• Work to complete: Would you transcribe the lines running from the one that holds "Best Plastic Surgeon" to the last line of the records? Leave every picture out.

• Supplied data:
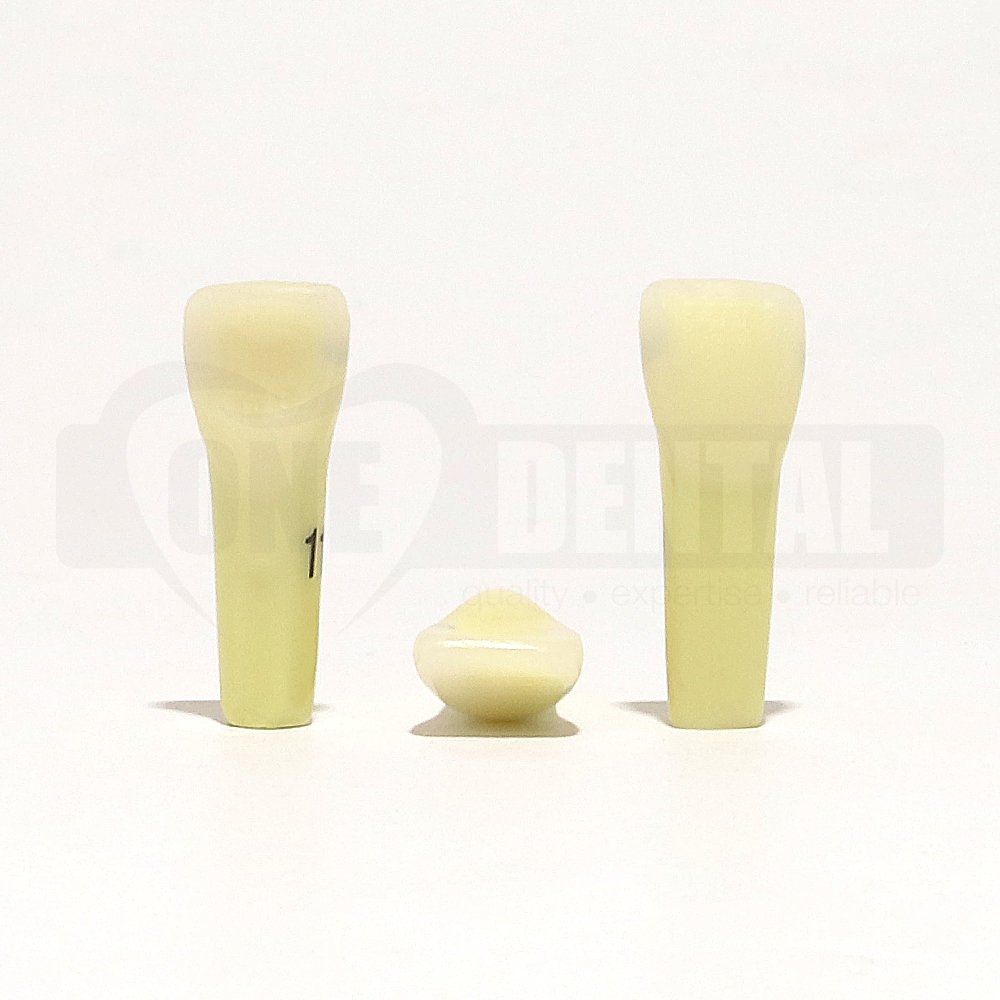 Caries tooth 11MD for 2010 Adult Model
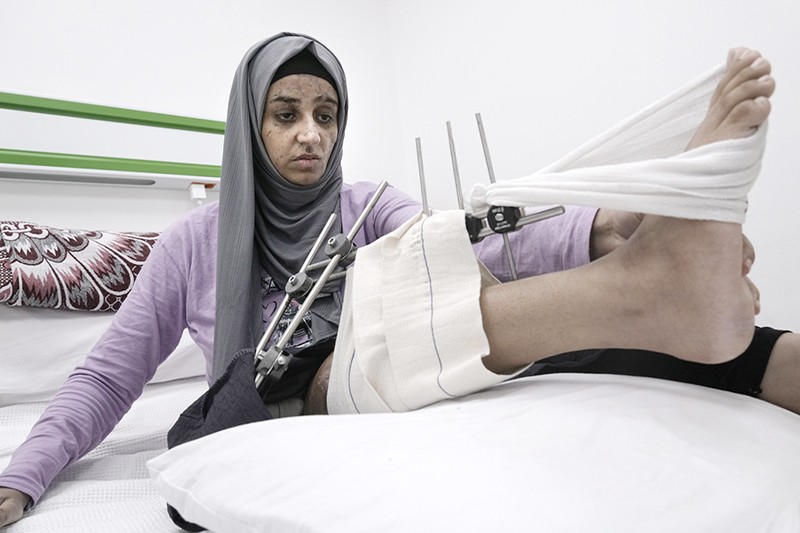 Potret Warga Palestina Terluka Parah akibat Serangan Israel Dirawat di RS Mesir - Bagian 2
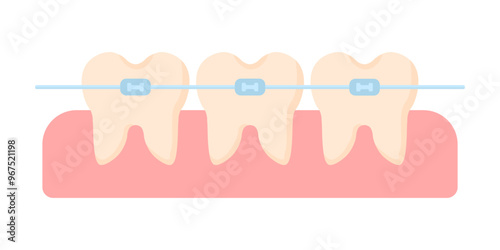 Braces are installed on the teeth in cartoon style on a white isolated background. Braces on healthy teeth. Dental treatment. Malocclusion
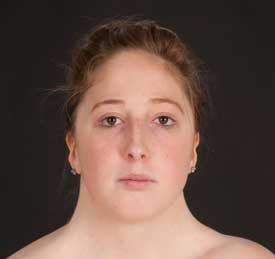 Girl showing Facial features of Turner syndrome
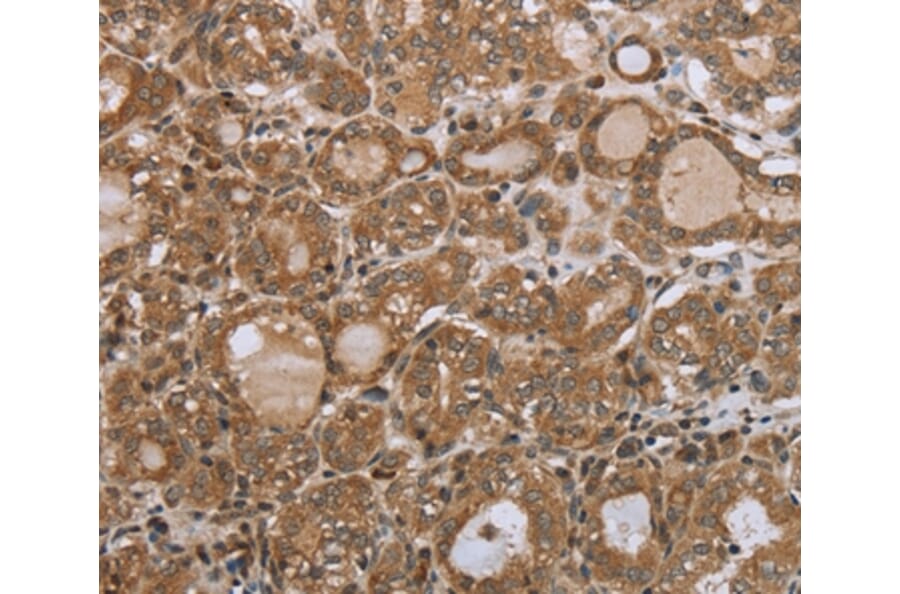 Immunohistochemistry - NDUFS2 Antibody from Signalway Antibody (37757) - Antibodies.com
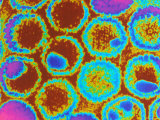 Buy Herpes Simplex Viruses Color Em at AllPosters.com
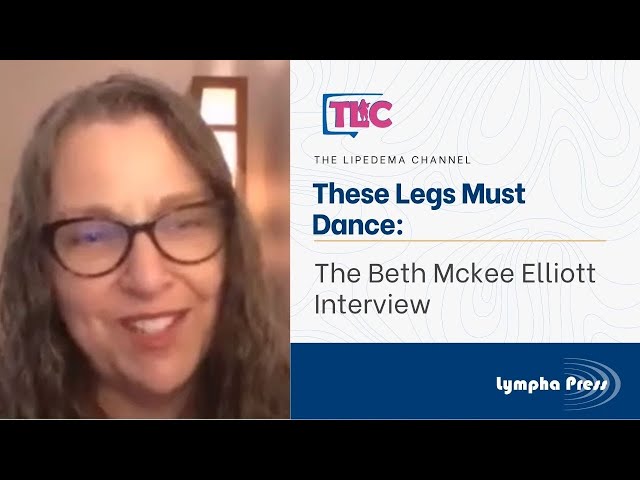 These Legs Must Dance: The Beth McKee Elliott Interview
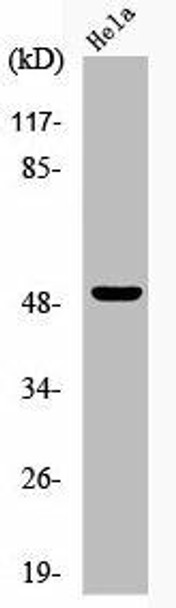 Phospho-GSK3A (S21) Antibody (PACO00215)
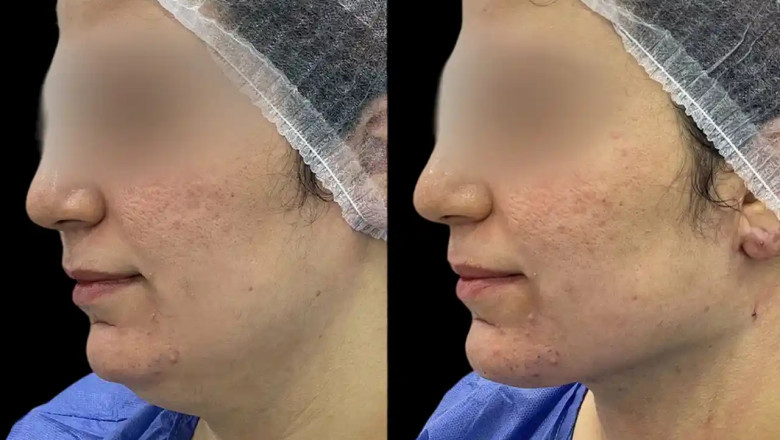 Best Plastic Surgeon in dubai for Chin Fillers: Enhance Your Facial Harmony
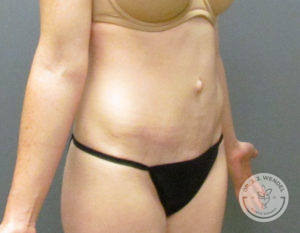 female torso after tummy tuck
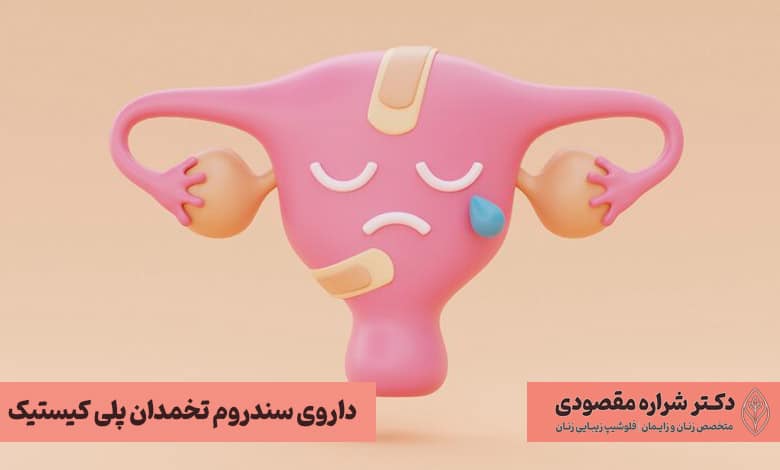 بهترین دارو برای سندرم تخمدان پلی کیستیک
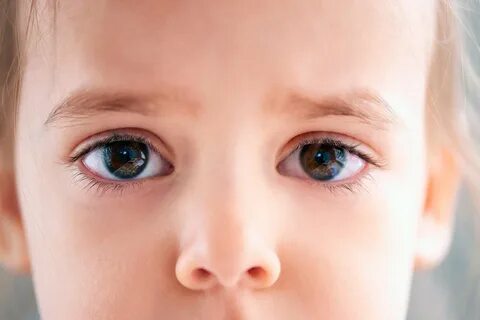 Eye 1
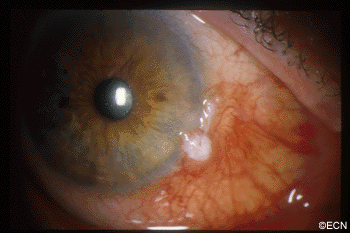 Squamous Conjunctival Carcinoma: Note the white nodular thickening at the limbus.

• Output below:
 Best Plastic Surgeon in dubai for Chin Fillers: Enhance Your Facial Harmony
 female torso after tummy tuck
 بهترین دارو برای سندرم تخمدان پلی کیستیک
 Eye 1
 Squamous Conjunctival Carcinoma: Note the white nodular thickening at the limbus.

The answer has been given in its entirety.